Problem description:
Set out word for word the line that contains "福利💰💰200 原240" and each line after it, through the end of the data below, but exclude the pictures.

:: Task input

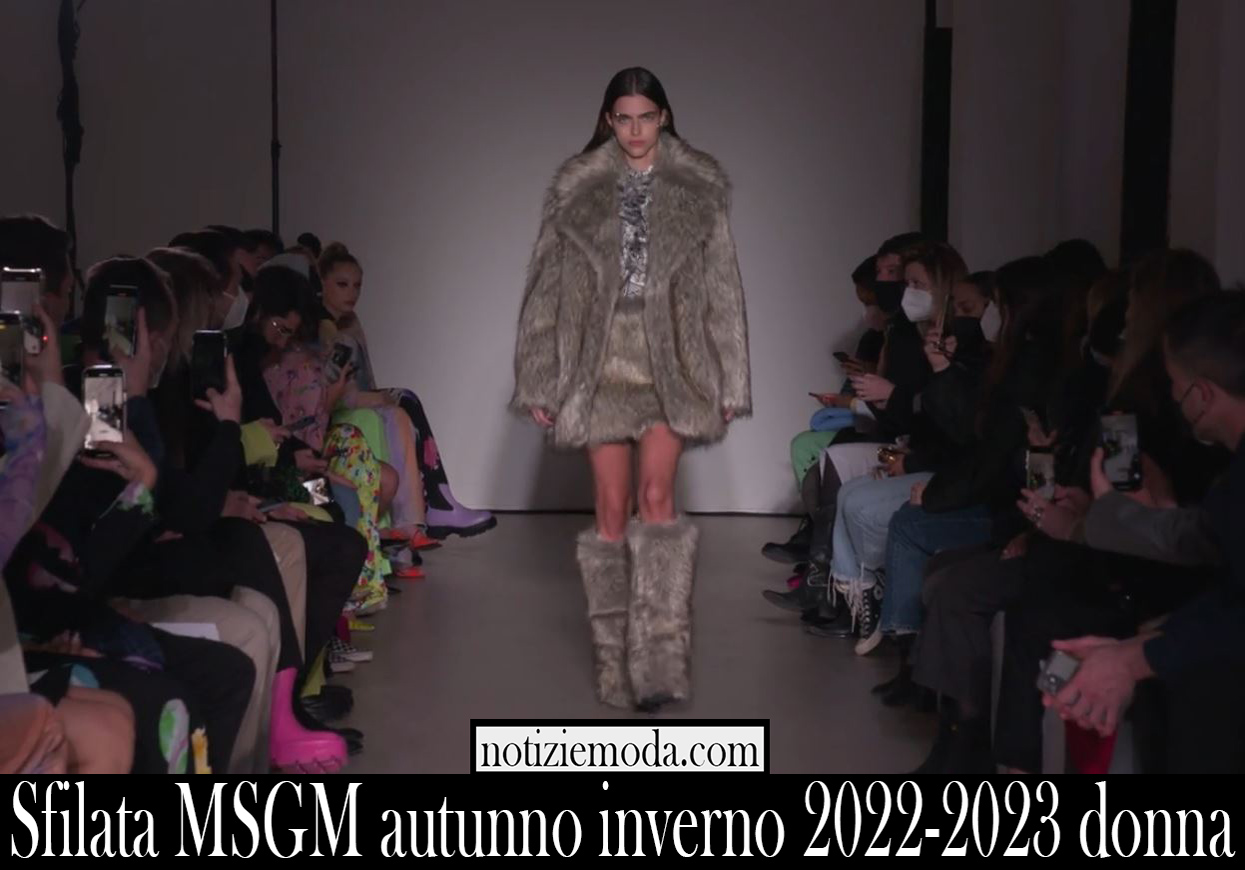 Sfilata MSGM autunno inverno 2022 2023 donna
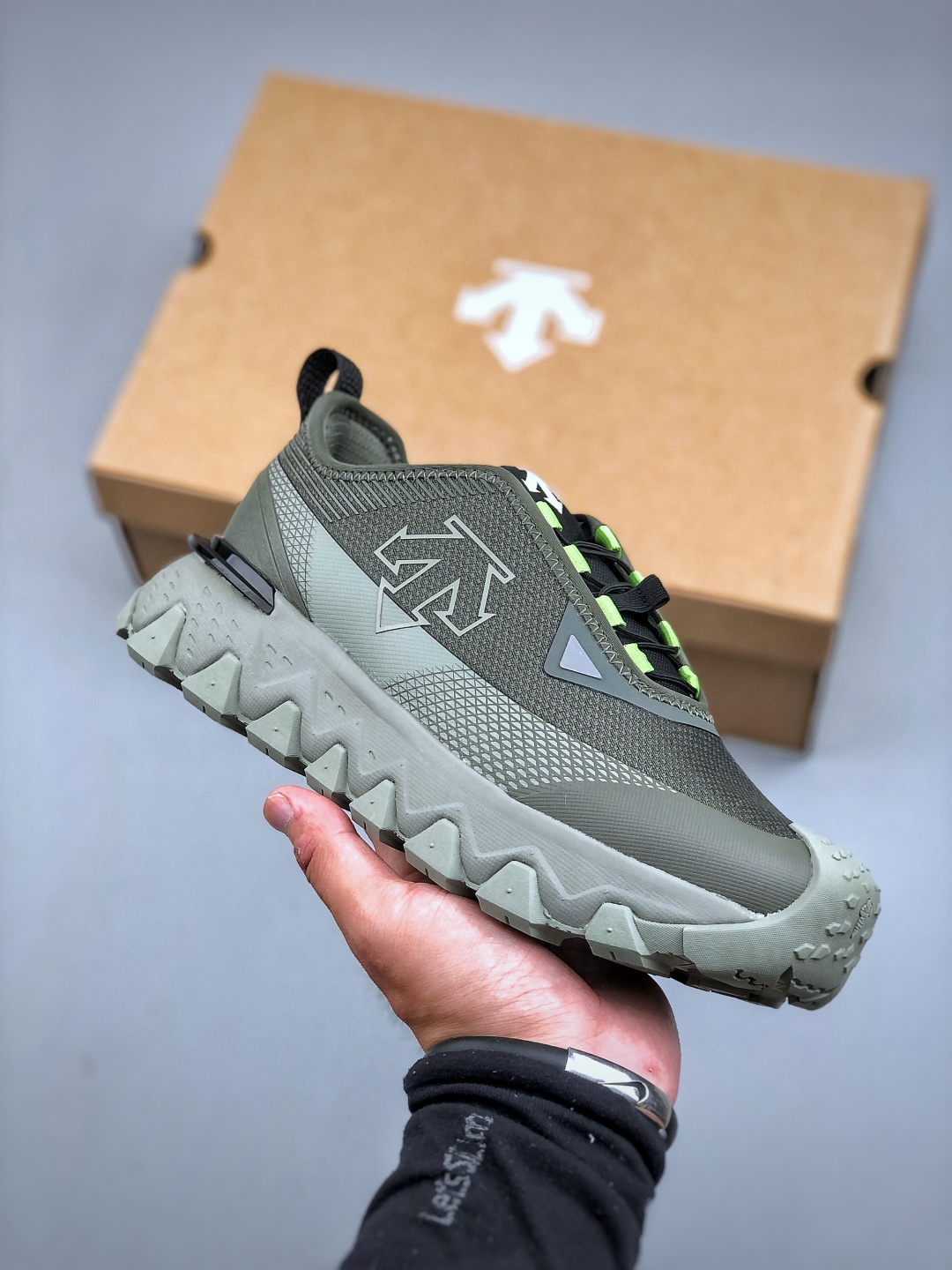 终端特价🉐疯狂套现
福利💰💰200 原240
原价市场240顶级X版 迪桑特DESCENTE SKI STYLE系列 SNOW RIDE 潮流运动 防滑耐磨低帮登山鞋舒适透气织物鞋面易清洁 侧面硅胶设计 鞋舌与鞋身柔软 鞋底轻量化设计和防滑纹路等特点 适合日常休闲和户外出游货号:D5131SSN51 尺码:40-45(半)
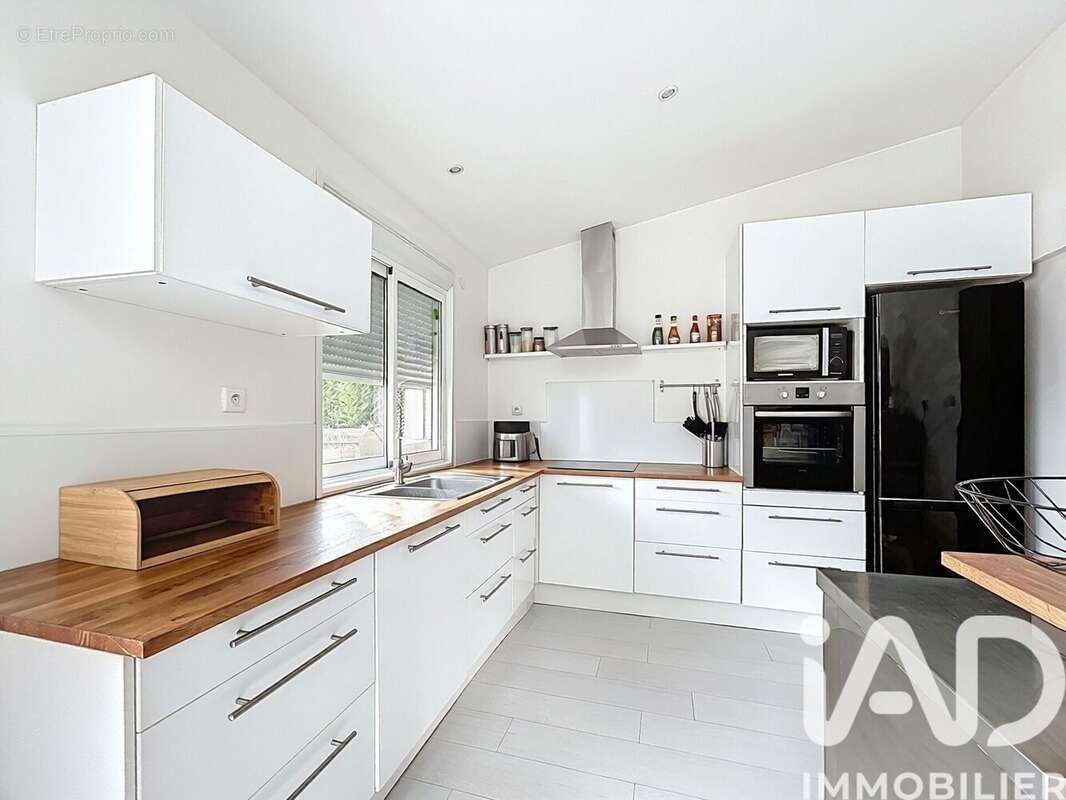 Maison 100 m² à Saint-Herblain  - photo 4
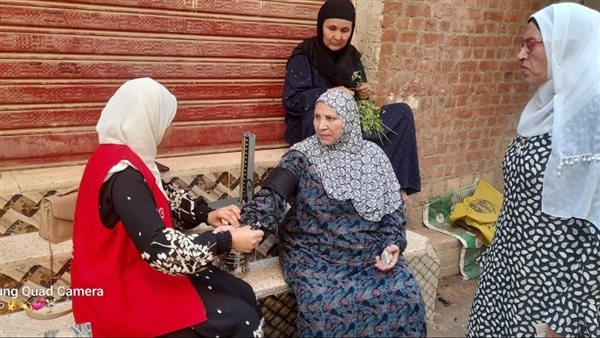 «100 يوم صحة» تقدم 45.5 مليون خدمة مجانية خلال 29 يومًا.. صور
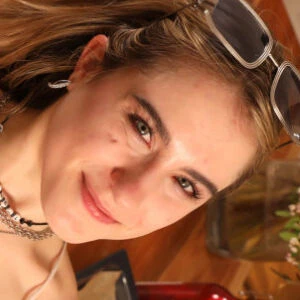 Alice T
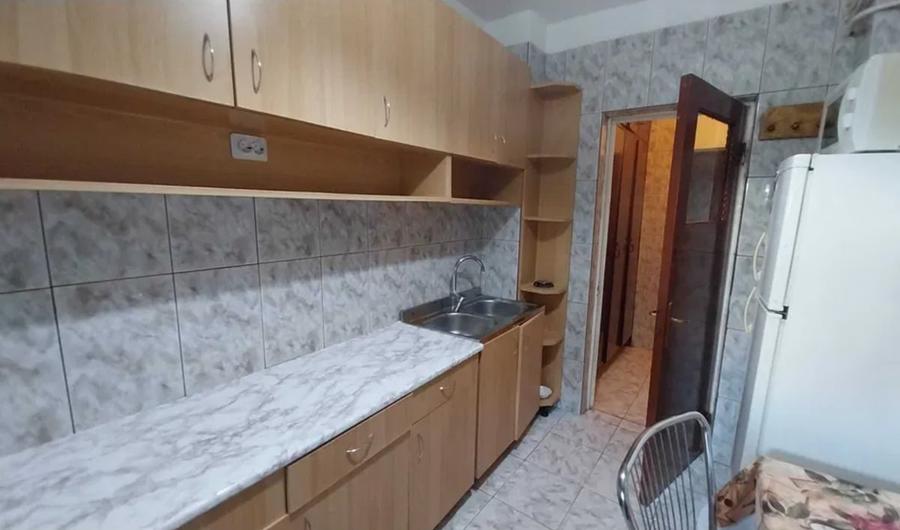 Turda, Parc Regina Maria, sector 1, bloc din 1983, centrala proprie - 1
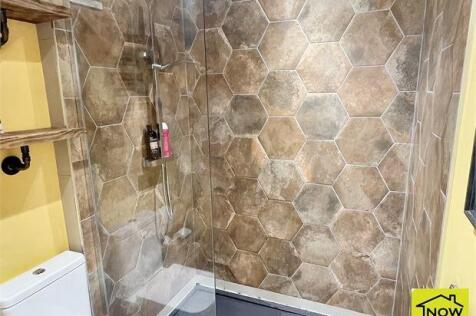 Downstairs shower room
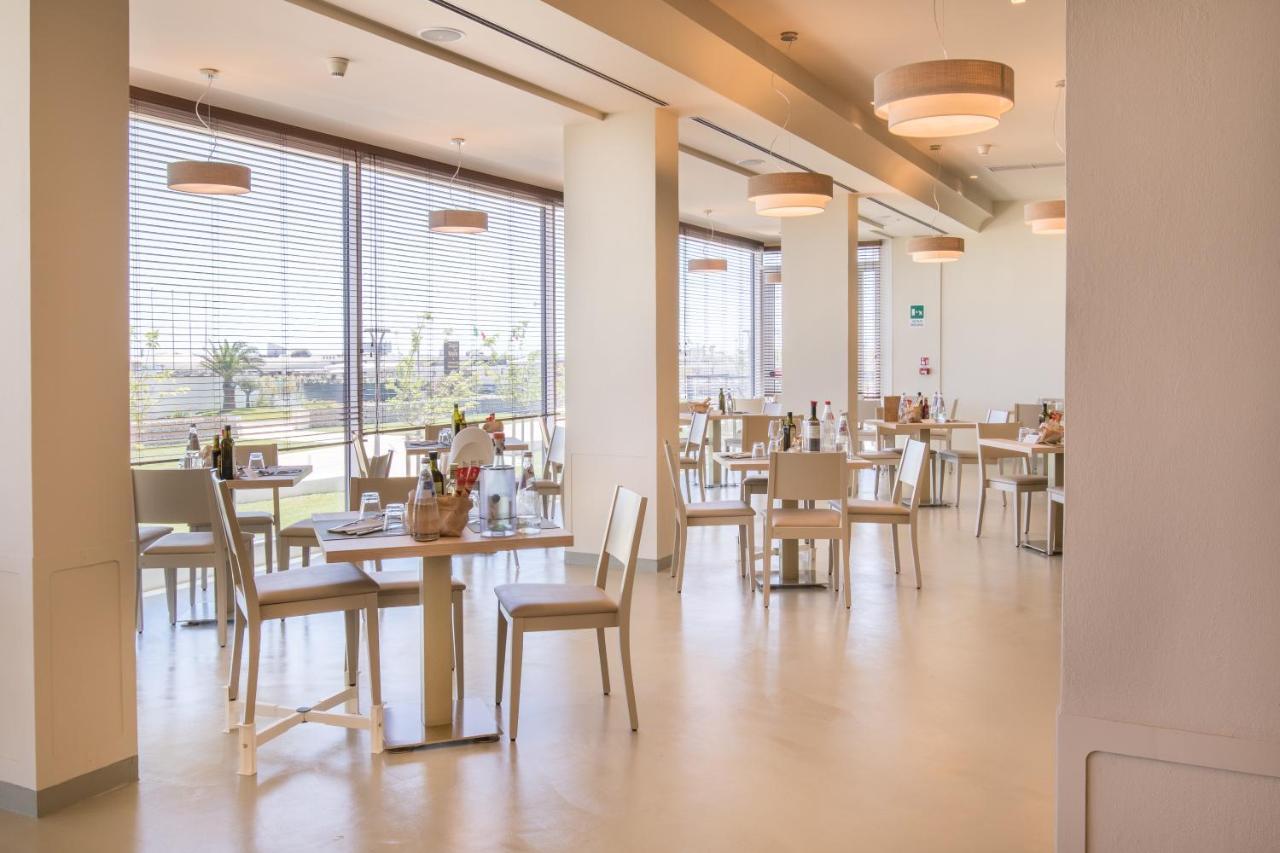 Hotel Baya - In Centro, Sul Mare
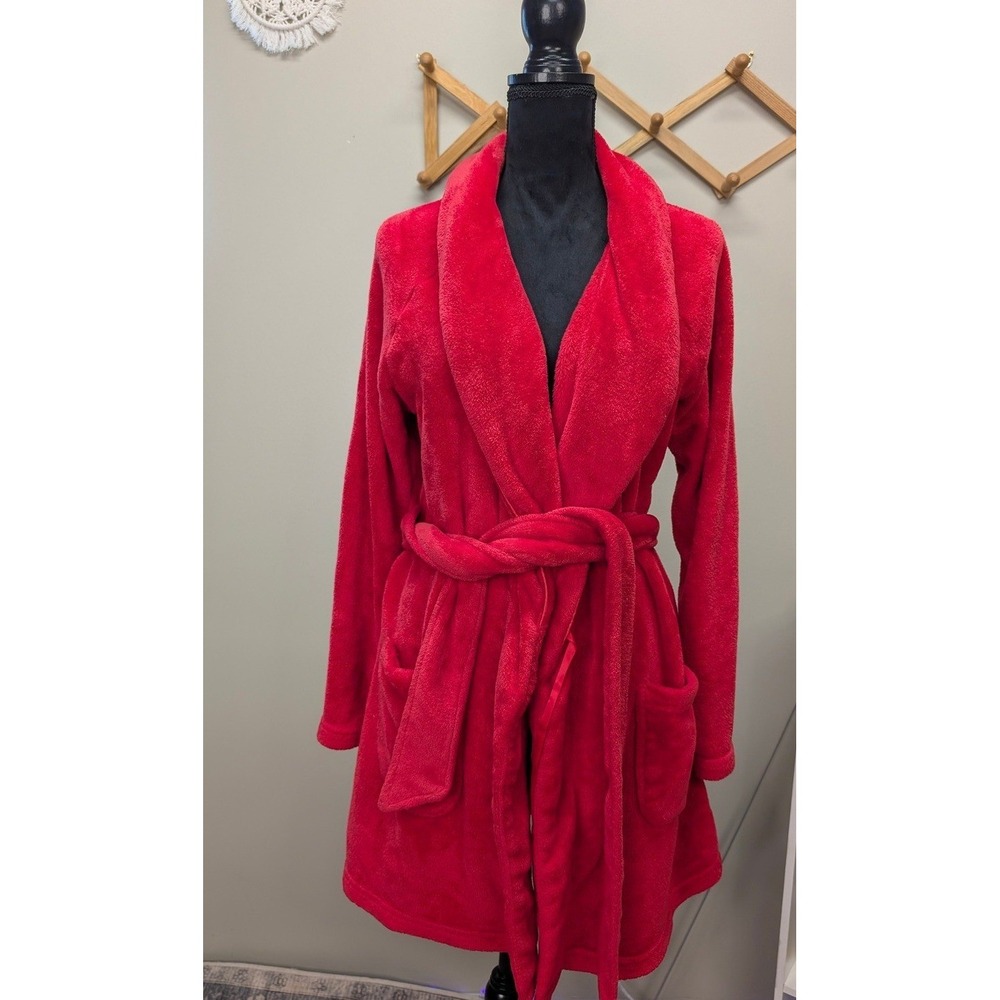 Victorias Secret Red Plush LOVE Embroidered Robe Size M/L Shawl Collar Fleece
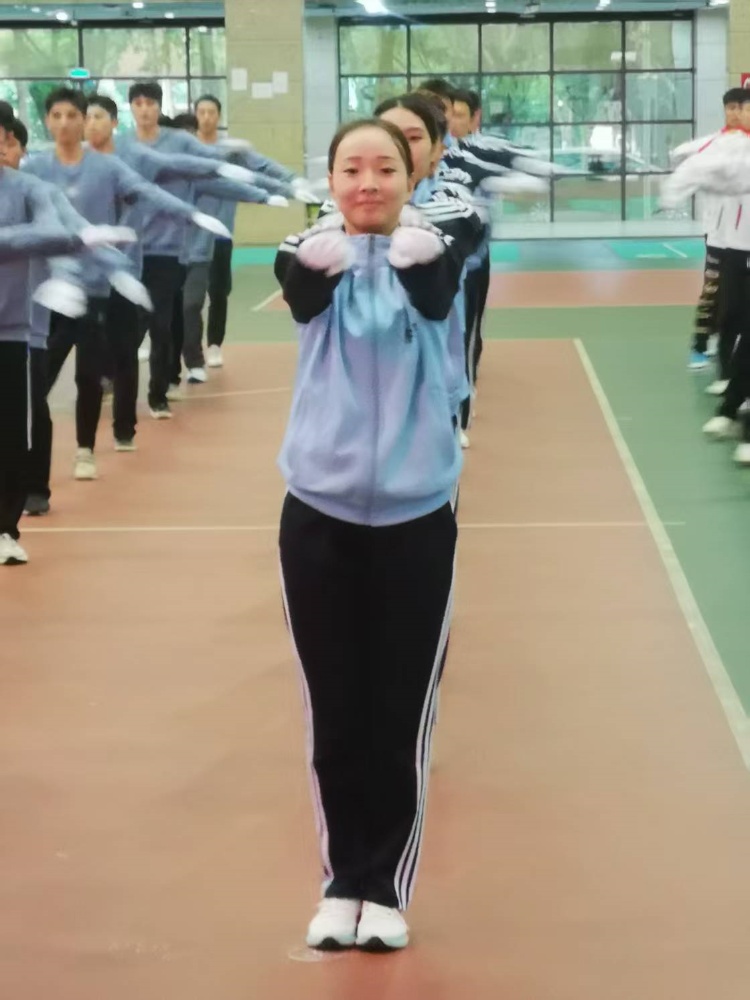 TBCY_1762172976755029397.jpg 3.jpg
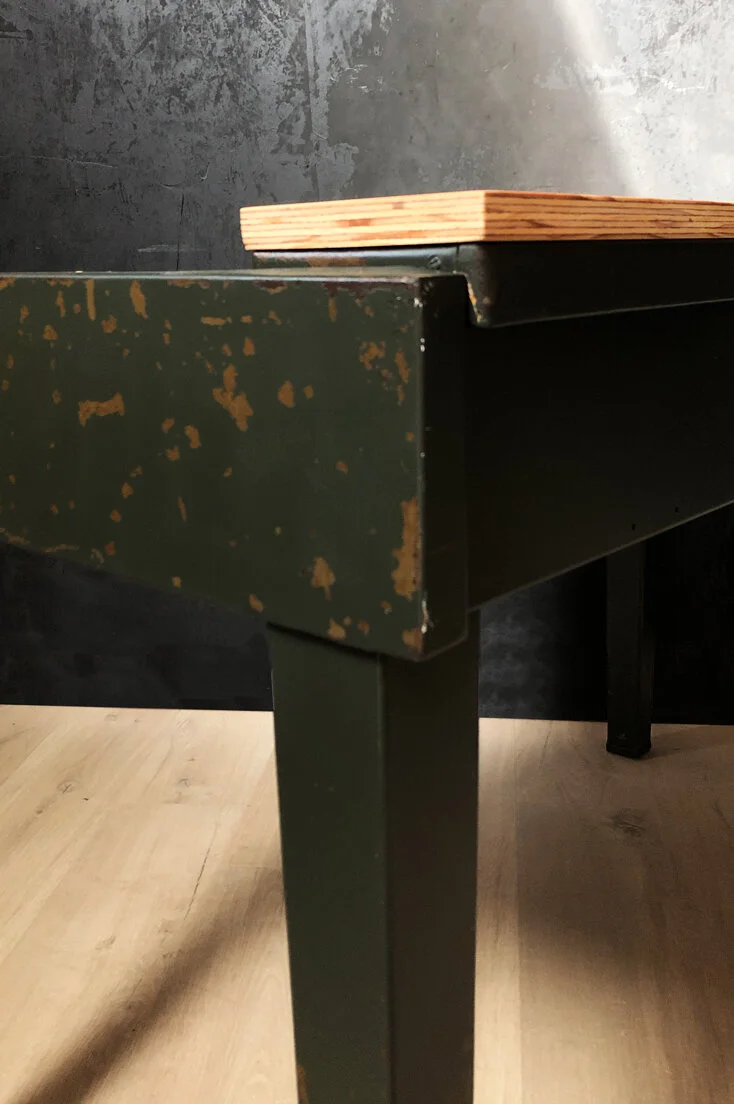 THOM20_Midcentury-Industrial-Metal-Desk-007.jpg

::::

Output for this exercise:
福利💰💰200 原240
原价市场240顶级X版 迪桑特DESCENTE SKI STYLE系列 SNOW RIDE 潮流运动 防滑耐磨低帮登山鞋舒适透气织物鞋面易清洁 侧面硅胶设计 鞋舌与鞋身柔软 鞋底轻量化设计和防滑纹路等特点 适合日常休闲和户外出游货号:D5131SSN51 尺码:40-45(半)
 Maison 100 m² à Saint-Herblain  - photo 4
 «100 يوم صحة» تقدم 45.5 مليون خدمة مجانية خلال 29 يومًا.. صور
 Alice T
 Turda, Parc Regina Maria, sector 1, bloc din 1983, centrala proprie - 1
 Downstairs shower room
 Hotel Baya - In Centro, Sul Mare
 Victorias Secret Red Plush LOVE Embroidered Robe Size M/L Shawl Collar Fleece
 TBCY_1762172976755029397.jpg 3.jpg
 THOM20_Midcentury-Industrial-Metal-Desk-007.jpg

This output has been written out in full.